Notice that you need to create users and applications before being able to login. You can use the scripts located in user-panel/backend/utils to create users for testing.

If you don't have an application you want to use as an OIDC client, you can use the small OpeinID Connect test application located at test/login_logout/. Instructions on how to run the test application can be found in test/login_logout/README.md.

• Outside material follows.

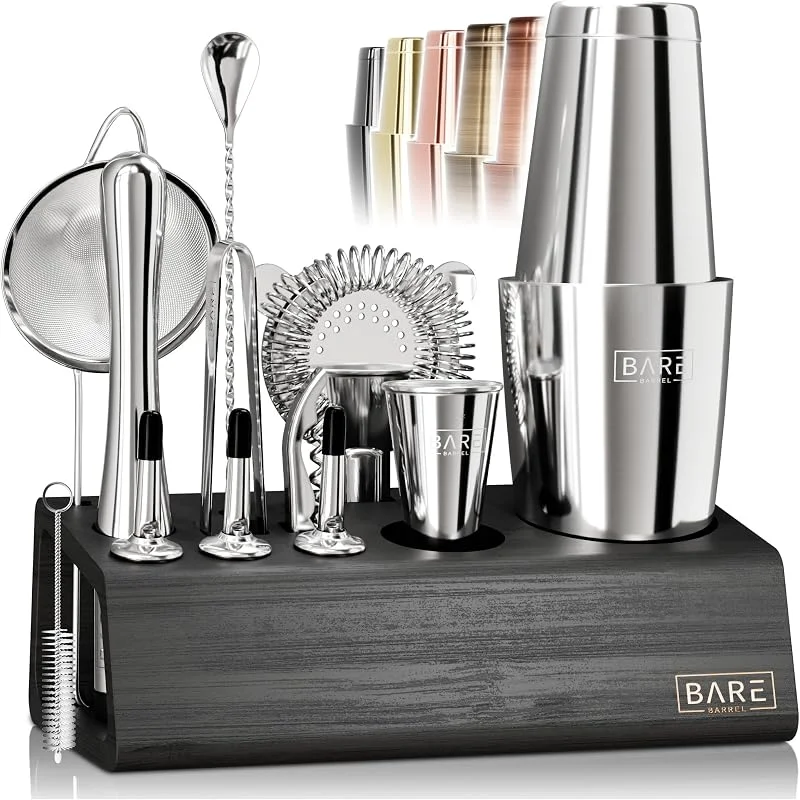 Marke: Bare Barrel Pro Mixology Barkeeper-Set Bar-Set, 14-teiliges Boston Cocktail-Shaker-Set, Professionelle Barzubehör-Mixwerkzeuge für Barkeeper zu Hause, Bambusständer Rezeptkarten, Geschenkset für Sie und Ihn — Wein und Festtafel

Refer to .gitlab-ci.yml to get an idea on how to run all of the tests that this repository contains.

Adding clients

This section covers how you can manually add clients to the single-sign-on server.

Note that we recommend using the helm chart installation if you want to add clients. Take a look at the helmchart documentation to see how you can register clients if you install single-sign-on with the helm chart. However, if you just want to test something on your docker-compose setup, keep reading.

Step 1: registering the client

single-sign-on uses Hydra to provide an API for creating clients. As a starting point, you can have a look at test/create-hydra-client.bash. For more information on the available scopes and endpoints, you can take a look at https://sso.<YOUR.DOMAIN>/.well-known/openid-configuration. Remember the client_name and client_secret you use to register your application. You will need to enter the same name and secret in your application configuration in the next step.

Step 2: configuring the application

You still need to configure the application you want to be able to log into to use the client you just registered. Some applications, like Grafana, support OpenID Connect out-of-the-box. Other applications, like Nextcloud, require a plugin to add this support.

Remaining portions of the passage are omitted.